Marriott's brows knotted in a perplexity that took on the aspect of a mild horror. It required some effort for him to realize this old man sitting with a wash-tub between his knees; the thought degraded the leonine figure. He wished that Koerner had not told him, and he hastened to change the subject.

"Your case will come on for trial now," he said; "we must talk it over and get our evidence in shape."

"Dot bin a long time alreadty, dot trial."

"Yes, it has," said Marriott, "but we'll get to it now in two weeks."

"Yah, dot's vat you say."

He puffed at his pipe a moment, sending out the thin wreaths of smoke in sharp little puffs. The strong face lifted its noble mask, the white hair--whiter than Marriott remembered it the last time--glistening like frost.

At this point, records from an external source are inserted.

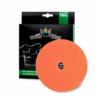 Royal Pads THIN One Step Pad (orange) - 130mm (dual action) | Sklep online Galonoleje.pl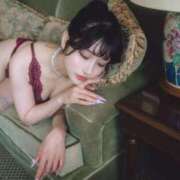 ヒメ日記 2025/06/30 20:04 投稿 鳴神かのん 金瓶梅(きんぺいぱい)(雄琴)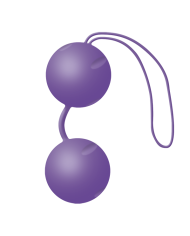JOYDIVION JOYBALLS LIFESTYLE VIOLETA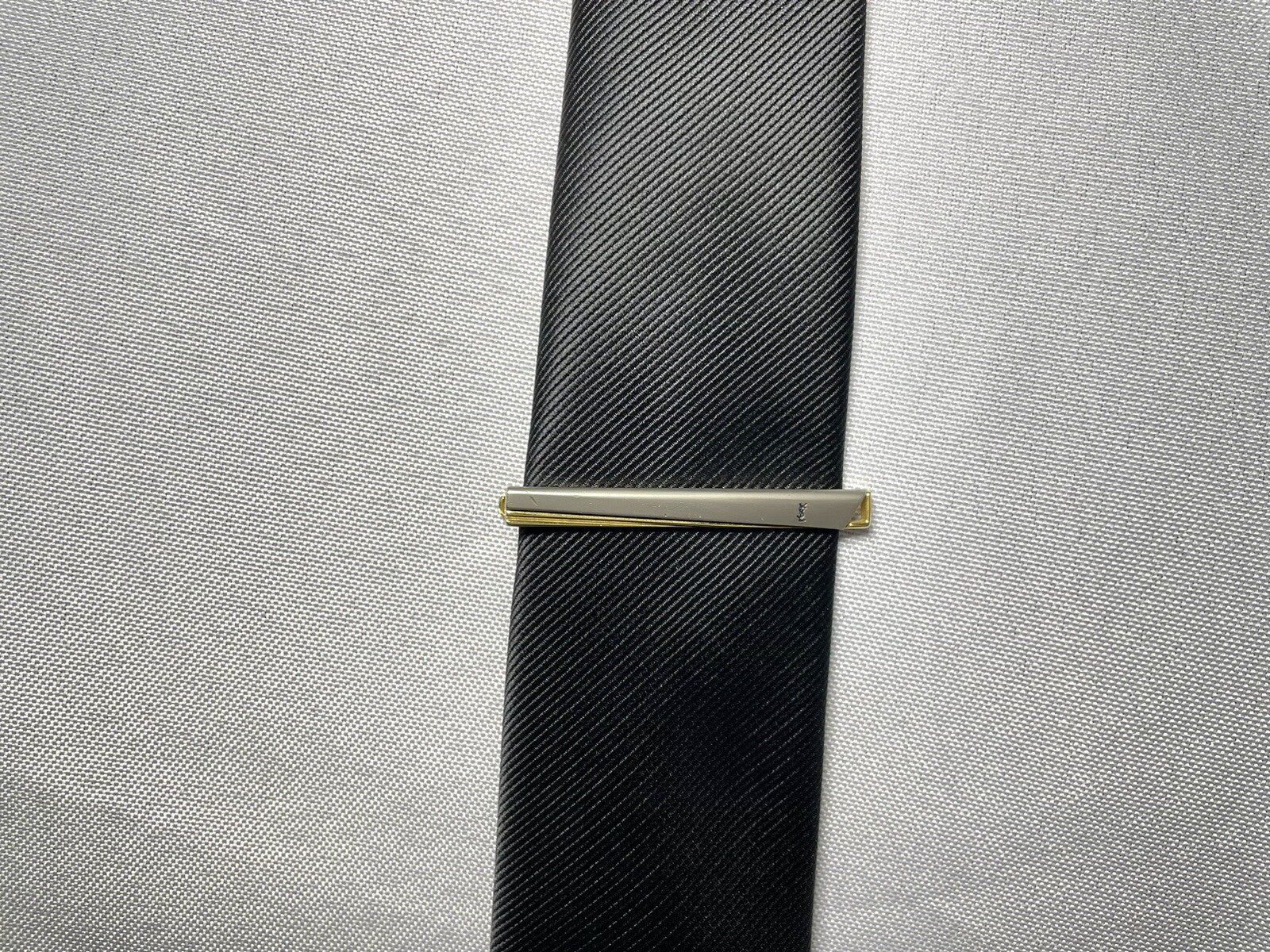 8036283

"You vait anoder year and I grow out anoder leg, maybe," Koerner smoked on in silence. But presently the thin lips that pinched the amber pipe-stem began to twitch, the blue eyes twinkled under their shaggy-white brows; his own joke about his leg put him in good humor, and he forgot his displeasure. Marriott felt a supreme pity for the old man. He marveled at his patience, the patience everywhere exhibited by the voiceless poor. There was something stately in the old man, something dignified in the way in which he accepted calamity and joked it to its face.

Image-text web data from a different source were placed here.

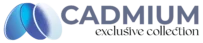 cadmium 01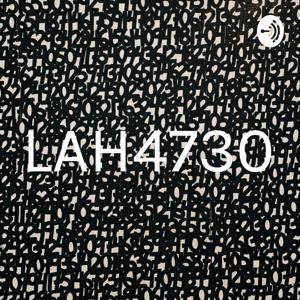 LAH4730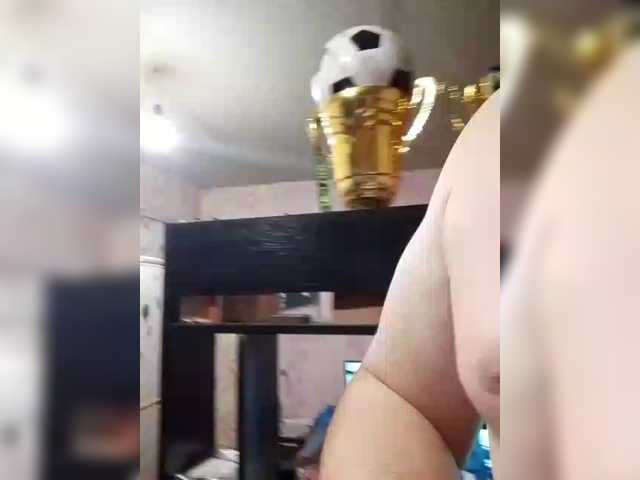 Andrei2409199 live cam on BongaCams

Marriott found relief in turning to the case. As he was looking for the pleadings, he said carelessly:

"How's Gusta?"

And instantly, by a change in the atmosphere, he felt that he had made a mistake. Koerner made no reply. Marriott heard him exchange two or three urgent sentences with his wife, in his harsh, guttural German.

When Marriott turned about, Koerner was smoking in stolid silence, his face was stone. Mrs. Koerner cast a timid glance at her husband, and, turning in embarrassment from Marriott, fluttered her shawl about her arms and gazed out the windows. What did it mean? Marriott wondered.

"Well, let's get down to business," he said. He would ask no more questions, at any rate. But as he was going over the allegations of the petition with Koerner, finding the usual trouble in initiating the client into the mysteries of evidence, which are as often mysteries to the lawyers and the courts themselves, he was thinking more of Gusta than of the case. Poor Gusta, he thought, does the family doom lie on her, too?

XIII

Elizabeth kept to her purpose of doing something to justify her continuing in existence, as she put it to her mother, and there was a period of two or three weeks following a lecture by a humanitarian from Chicago, when she tortured the family by considering a residence in a social settlement. But Mrs. Ward was relieved when this purpose realized itself in a way so respectable as joining the Organized Charities. The Organized Charities was more than respectable, it was eminently respectable, and when Mrs. Russell consented to become its president, it took on a social rank of the highest authority. The work of this organization was but dimly understood; it was incorporated, and so might quite legally be said to lack a soul, which gave it the advantage of having the personal equation excluded from its dealings with the poor. Business men, by subscribing a small sum might turn all beggars over to the Organized Charities, and by giving to the hungry, who asked for bread, the stone of a blue ticket, secure immediate relief from the disturbing sense of personal responsibility. The poor who were thus referred might go to the bureau, file their applications, be enrolled and indexed by the secretary, and have their characters and careers investigated by an agent. All this was referred to as organized relief work, and it had been so far successful as to afford relief to those who were from time to time annoyed by the spectacles of poverty and disease that haunted their homes and places of business.